Bomber command had stopped Speer's armaments miracle in its tracks.[36]

The greatest contribution to winning the war made by Bomber Command was in the huge diversion of German resources into defending the homeland. By January 1943 some 1,000 Luftwaffe night fighters were committed to the defence of the Reich; mostly twin engined Messerschmitt Bf 110 and Junkers Ju 88. Most critically, by September 1943, 8,876 of the deadly, dual purpose 88 mm guns were also defending the homeland with a further 25,000 light flak guns, 20/37 mm. Though the 88mm gun was an effective AA weapon, it was also a deadly destroyer of tanks, and lethal against advancing infantry. These weapons would have done much to augment German anti-tank defences on the Russian front.[37]

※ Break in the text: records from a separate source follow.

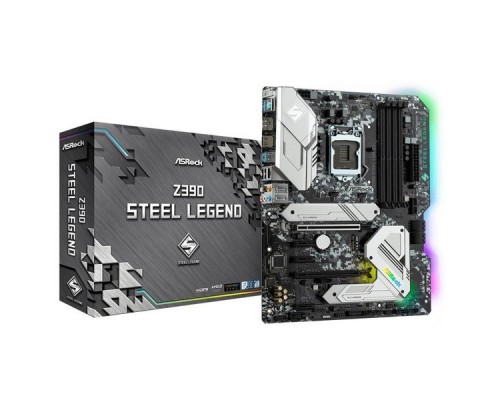 Материнская плата Z390 S1151 ATX Z390 STEEL LEGEND ASROCK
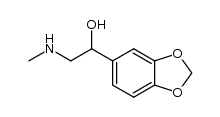 1-benzo[1,3]dioxol-5-yl-2-methylamino-ethanol结构式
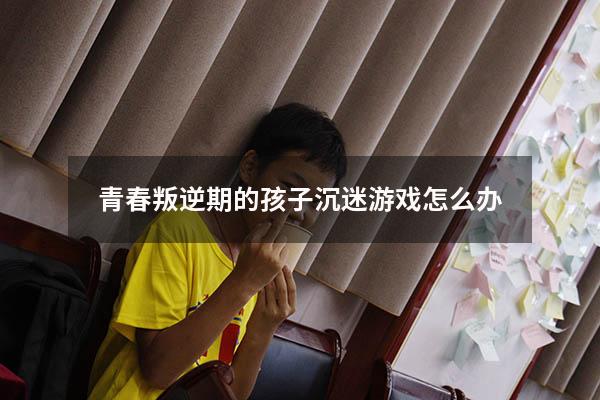青春叛逆期的孩子沉迷游戏怎么办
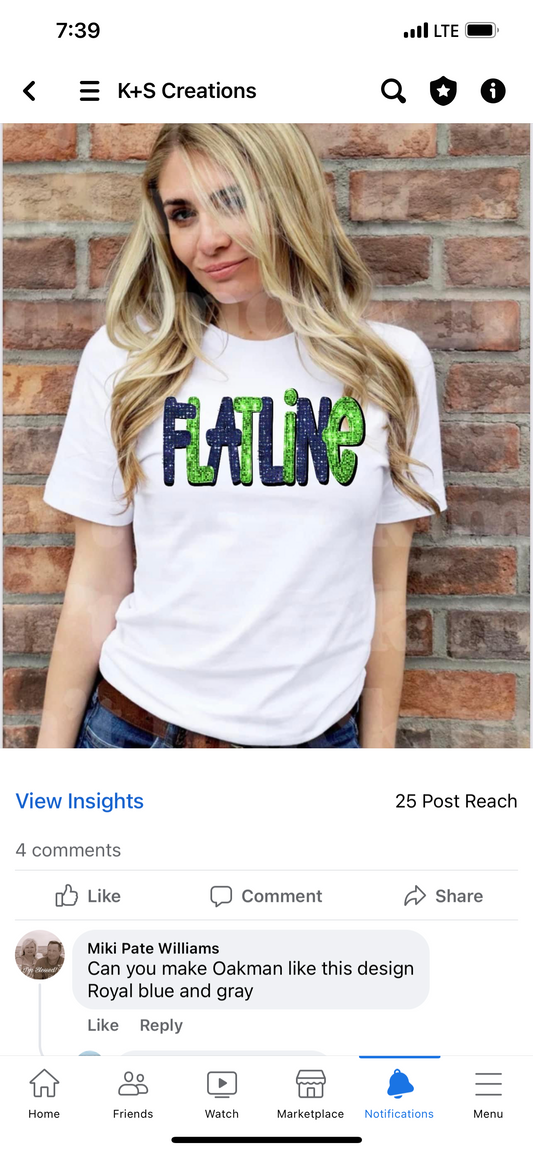 Flatline rhinestones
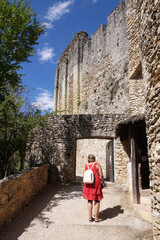 Poster - A nder Festung in Montbazon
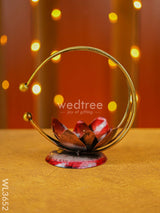 Flower Ring Candle Holder - Wl3652 Metal Decor Utility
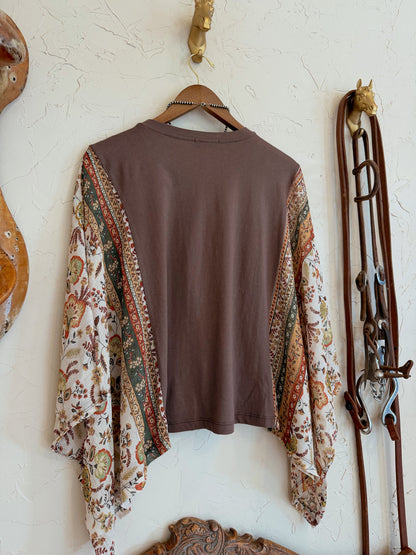 The Long Live Cowgirls Floral Top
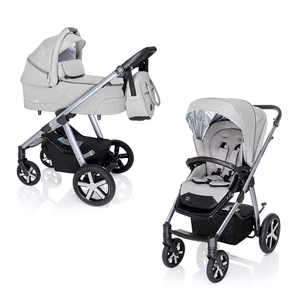 Коляска Baby Design Husky NR 27 LIGHT GRAY (202537) зображення 1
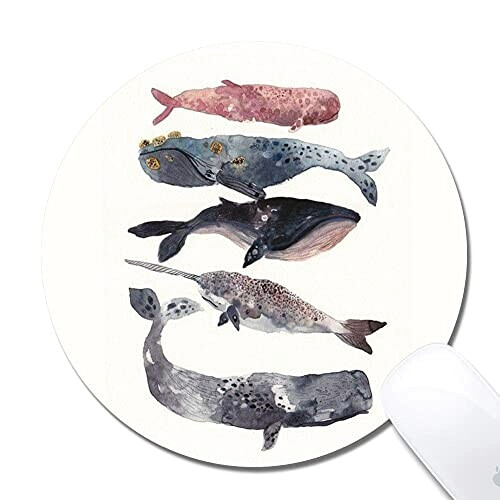 Tapis de souris Baleine 200x200 mm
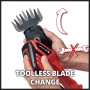 Einhell Power X-Change GE-CG 18/100 Li T-Solo: Cambio lama senza attrezzi.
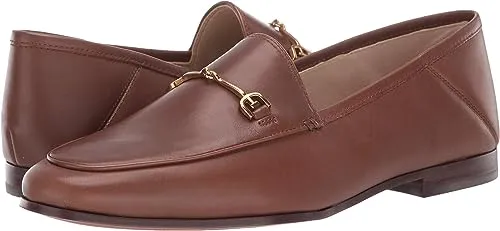 Brown Loraine Nut Stack Sam Loafers Wide On Augmented reality Trusted Slip Toe Edelman Fashion Almond Heel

Mine laying operations were a major contribution to the disruption of German naval activities. Aerial minelaying was used on the iron ore routes from Scandinavia and U-boat training areas in the Baltic; in North-West Europe aerial mines sank seven times more ships than naval mines laid from ships.[38]

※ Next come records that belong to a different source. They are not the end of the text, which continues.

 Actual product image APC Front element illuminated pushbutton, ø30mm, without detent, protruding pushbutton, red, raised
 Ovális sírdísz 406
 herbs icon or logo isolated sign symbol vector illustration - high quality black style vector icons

In operations Bomber Command laid 47,278 mines while losing 468 aircraft; Coastal Command contribution was 936 mines. Bomber Command and Coastal Command minelaying is credited with the loss of 759 vessels totalling 721,977 tons.[39]

German production was diverted into construction and manning of minesweepers and the deployment of flak batteries to protect ports and estuaries. Around 100 vessels, mostly cargo types and around 5,000 tons, were converted to Sperrbrecher mine barrage breakers to sail ahead of ships leaving harbour and of these about half of were lost to mines.[40]

1946–1968[edit]

Bomber Command acquired B-29 Superfortresses, known to the RAF as Boeing Washingtons, to supplement the Avro Lincoln, a development of the Lancaster. The first jet bomber, the English Electric Canberra light bomber, became operational in 1951. Some Canberras remained in RAF service up to 2006 as photo-reconnaissance aircraft. The model proved an extremely successful aircraft; Britain exported it to many countries and licensed it for construction in Australia and the United States.[41] The joint US-UK Project E was intended to make nuclear weapons available to Bomber Command in an emergency, with the Canberras the first aircraft to benefit. The next jet bomber to enter service was the Vickers Valiant in 1955, the first of the V bombers.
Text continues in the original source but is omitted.